仕事のクオリティーコントロールについて

コンテンツ制作を仕事にしている人、できている人は、基本的にクオリティーに対して妥協しない方が多いです。
僕も、音楽制作を仕事にしているときは、そちら側の人間でした。

ギャラが1万円の仕事でも、200万円の仕事でも、それが世に出るときは、僕の名前で出るわけです。
例えばギャラが安いからといって手を抜いて作った作品が誰かが聴いたとして、
「樋口が作った曲、ショボいな」
などと思われると、最悪ですし、
何より、相手にとっても、クオリティーが高いほうが喜ばれるに決まっている、と。

僕は、この考えが正しいと思ってずっと仕事をしてきました。
しかし、ある方からこんなことを言われたことがあります。
「樋口さんは、どんな場合でも全力投球なので、小さい仕事を頼みにくいんですよね」
って意味のやつです。

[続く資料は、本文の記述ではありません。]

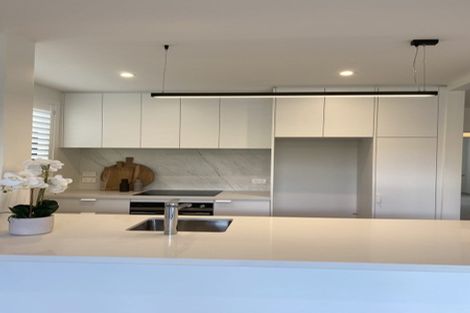 Photo of property in 2/162 Gowing Drive, Meadowbank, Auckland, 1072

相当要約してますが。

この言葉には、目からウロコが落ちました。
僕の中では、どんなに規模が小さくて安い仕事でも最高のクオリティーを叩き出すことが誠実さだと思っていましたし、
世界にとってそれが正しいことだとも思っていました。
しかし、結果的にそのこだわりがオーバースペックになり、そのクオリティーのオーバー分が、相手に対して「申し訳なさ」を感じさせ、
気を使わせる結果になっていたということです。
こうなってしまうと、タダの過剰サービスの押し売りです。

「どんな時でも全力投球したい」というのは、クリエイター側が自分のブランドを守るための勝手なこだわりであって、クライアント側がそれを望んでいるかどうかは、実は関係ありません。
もちろん、望んでいるのであれば需要と供給が一致してるので問題ないんですが、
もしかすると、質よりもスピードや制作フローの単純さを望んでいるかもしれませんし、
なにより、「オーバースペックな仕事をさせてしまって悪いことしたな」と、場合によっては無駄なストレスを感じさせることすらあります。


もっと身近なシーンで説明します。
新宿に、僕がよく行っていた整体マッサージ屋がありました。
そこのお兄さんが、とにかく愛想が良くて、常に笑顔で明るく接客してくれる方でした。
それはもちろん気持ちのいいことです。
ただし、会計が終わり、軽くお礼を言い、店を出る際に、毎回必ず外に出て、姿が見えなくなるまでお見送りをしてくれていました。
ハイ。
本当はこんなこと思いたくないんですが、僕は、これだけはどうも苦手でした。

その店は、まっすぐ伸びた見通しが良い大通りに面していました。
ということは、完全に僕の姿が消えるまでお見送りをするとなると、2〜3分はかかってしまいます。
僕は、その2〜3分の間、後ろに視線を感じながら歩くことに耐えられませんでした。
なので、特に買いたくもないコンビニの前で振り返り、整体師のお兄さんに軽く会釈をしてコンビニに入る…ってのを毎回やってました。
正直、店を出るときに、店内で挨拶を済ませてくれたらどれだけ精神的に楽だったか、と思います。


誤解のないように言っておくと、
「仕事に対して、全ての人、全ての場合で、ちゃんとクオリティーコントロールをして、安かろう悪かろうを意識すべき」
とまでは、乱暴なことを思っているわけではないです。
自分のブランドやこだわりを守るということは食って行くために大事ですし、それ自体はもの凄く素晴らしいことですから。
ただし、場合によっては、

「質の良いモノやサービスを提供することだけが貴方にとって心からの幸せではないかもしれません。
それを分かっていながら、自分を守るためにクオリティーの担保をさせていただきます。
ワガママを言ってゴメンナサイ。」

と理解した上で仕事と向き合ったほうが、より良い仕事ができる場合もあるかもしれません。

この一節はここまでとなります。